TASK INSTRUCTIONS:
Go to the line below that has "Applebee's, 718 Thompson Ln", print it and each line after it exactly, and stop after the line that has "Kšiltovka adidas All Blacks BQ0020"; leave out pictures.

SUPPLIED DATA:
[Start of Attachment]

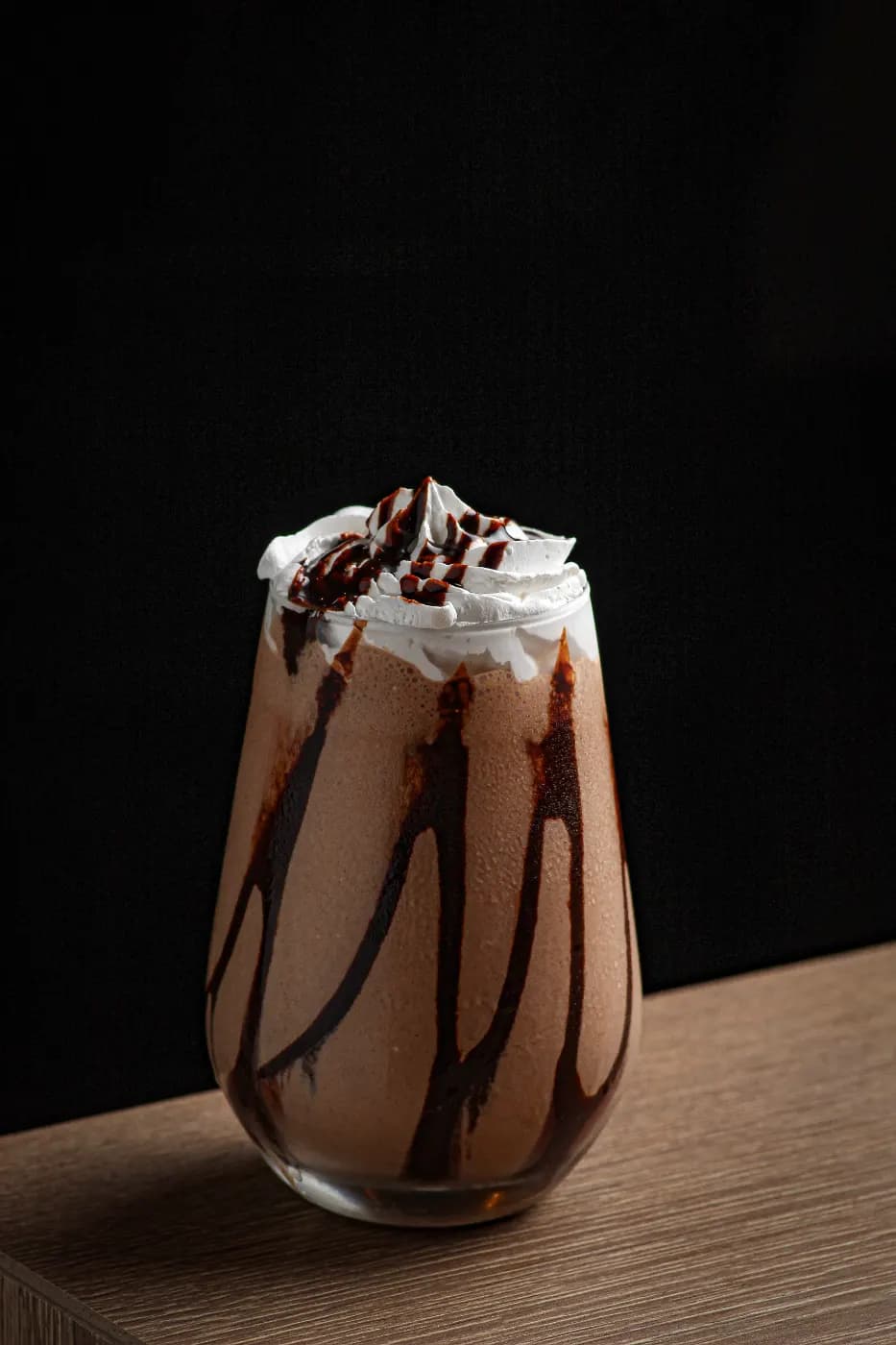 Nutella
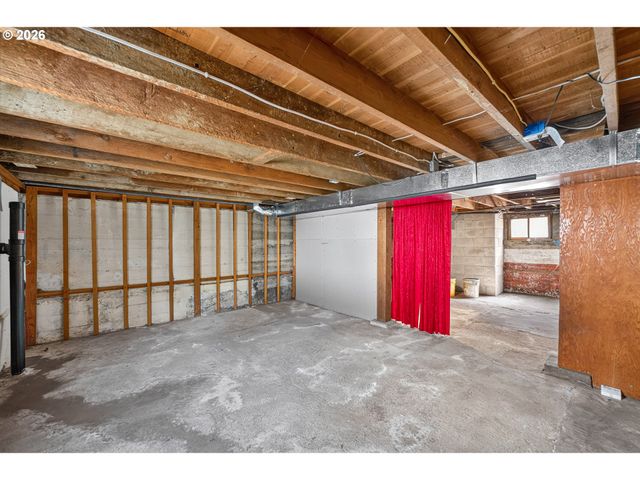 520 Se 1ST St, Mc Minnville, OR 97128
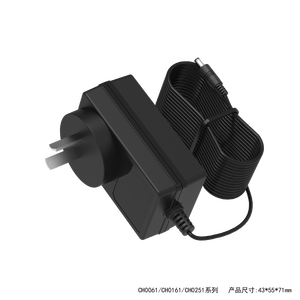 Elektrikli aletler için tüm sertifikalarla değiştirilebilir 18V li-lon pil şarj cihazı - Product Image 3
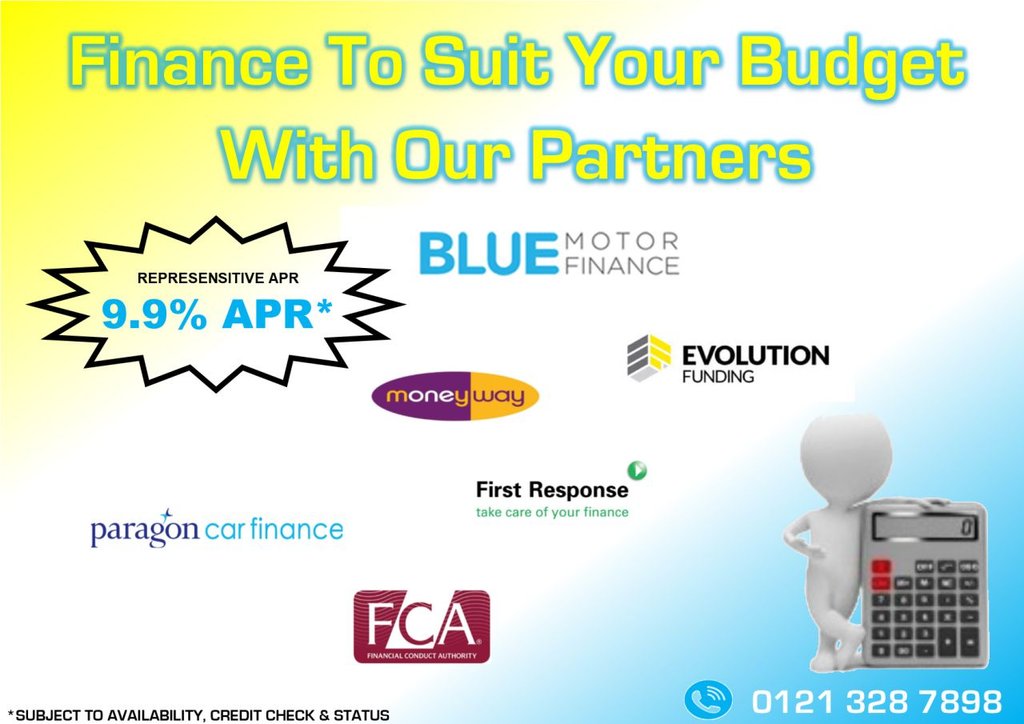 Used Vauxhall ADAM 2014 for sale - 77327621: Photo 16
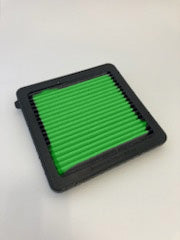 Green Filter Part #7460
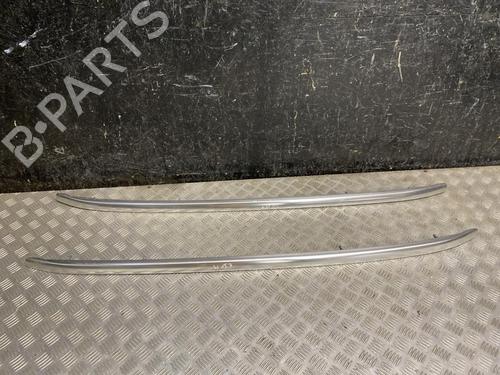 Used Roof bar Roof bar 37574691 37574691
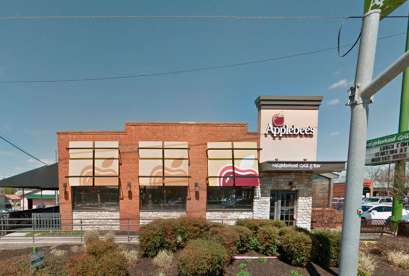 Applebee's, 718 Thompson Ln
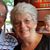 Jean Towle's profile image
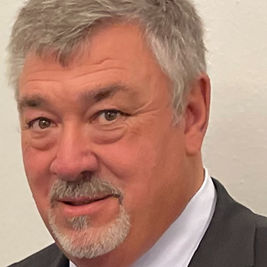 Second Candidate Announces Run For Mississippi Senate District 34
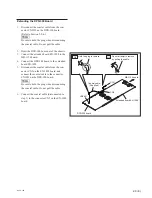 Preview for 35 page of Sony HKCU-FP1 Service Manual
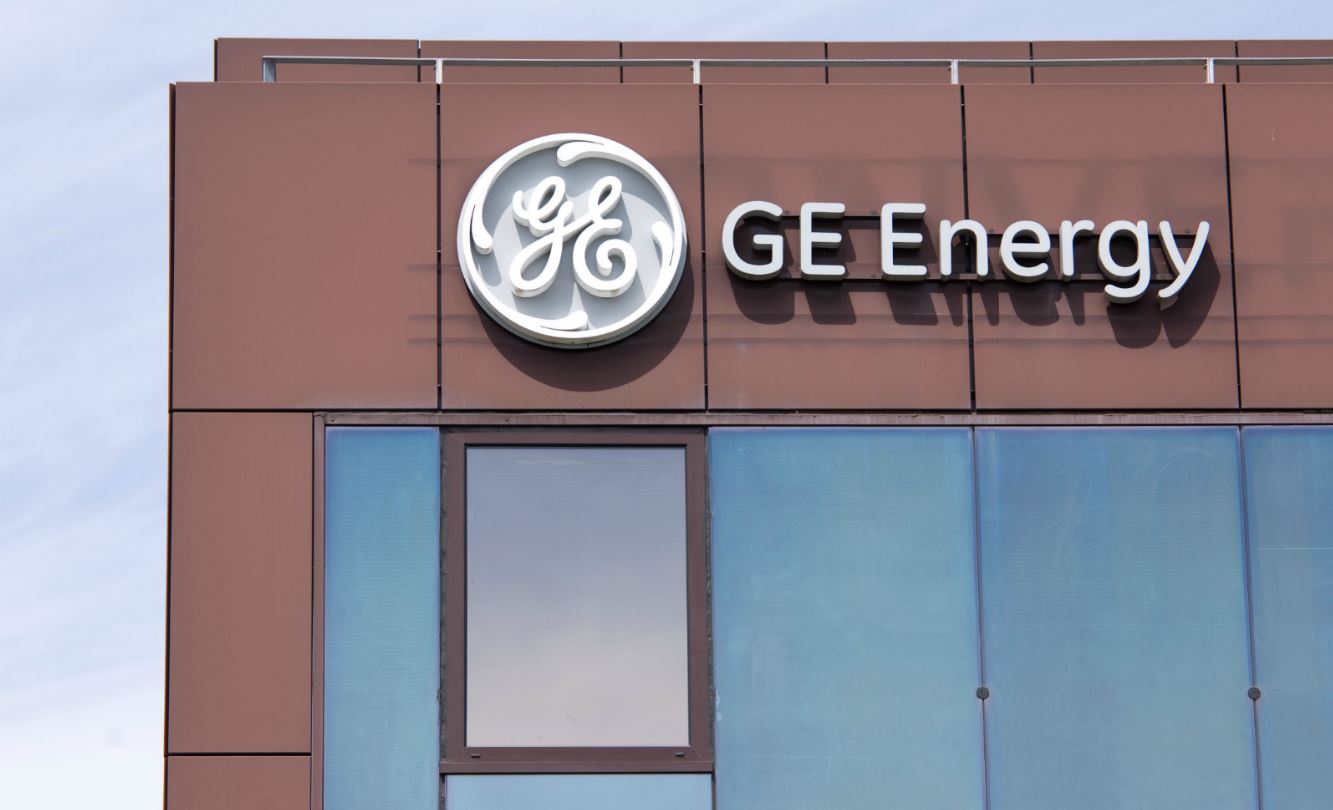 General Electric, le géant qui fait plonger l’économie française
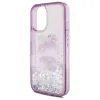 Hello Kitty HKHCP16SL50PPU iPhone 16 6.1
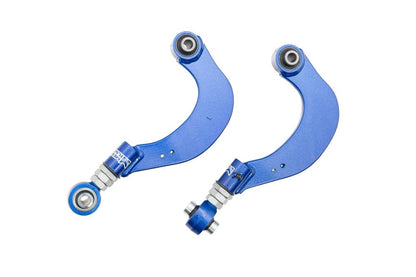 21-UP Toyota Sienna Megan Racing Rear Upper Camber Arms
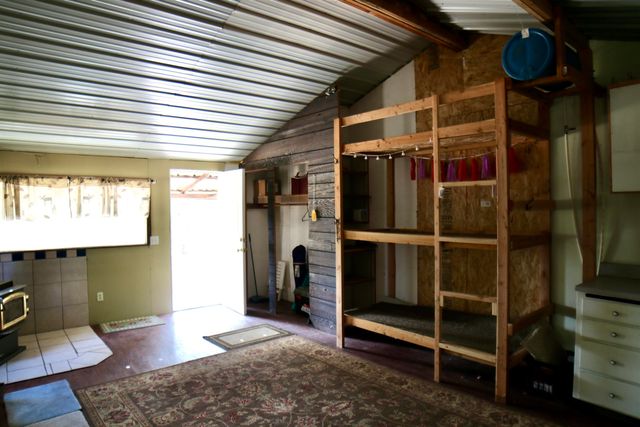 XX N Waldrons Ln, Chattaroy, WA 99003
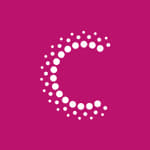 Chirurgia Digitale logo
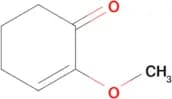 2-Methoxycyclohex-2-enone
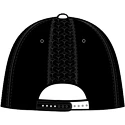 Kšiltovka adidas All Blacks BQ0020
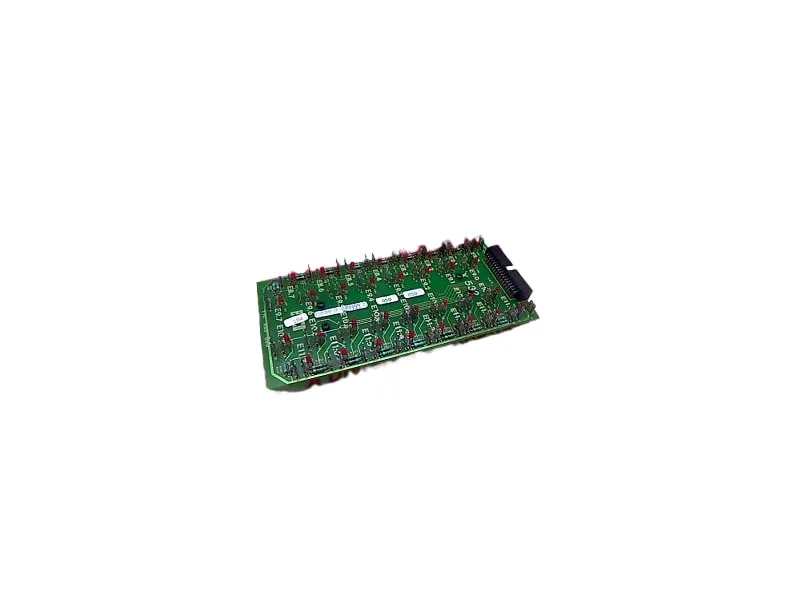 Płyta PC PLC/płyta rozszerzająca Y1C853000 marki EMCO
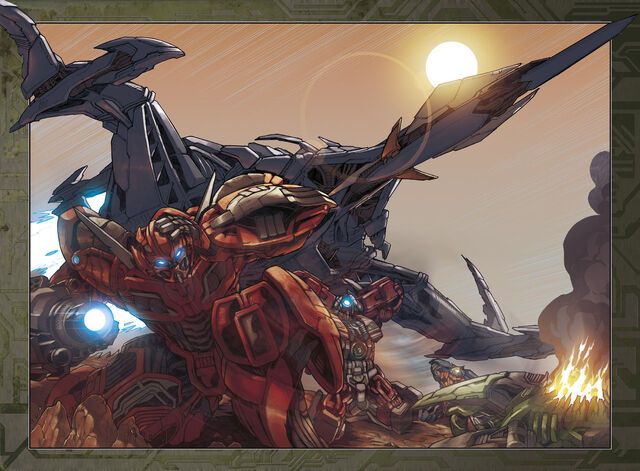 File:Assault strike.jpg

[End of Attachment]

OUTPUT FOR THIS TASK:
 Applebee's, 718 Thompson Ln
 Jean Towle's profile image
 Second Candidate Announces Run For Mississippi Senate District 34
 Preview for 35 page of Sony HKCU-FP1 Service Manual
 General Electric, le géant qui fait plonger l’économie française
 Hello Kitty HKHCP16SL50PPU iPhone 16 6.1
 21-UP Toyota Sienna Megan Racing Rear Upper Camber Arms
 XX N Waldrons Ln, Chattaroy, WA 99003
 Chirurgia Digitale logo
 2-Methoxycyclohex-2-enone
 Kšiltovka adidas All Blacks BQ0020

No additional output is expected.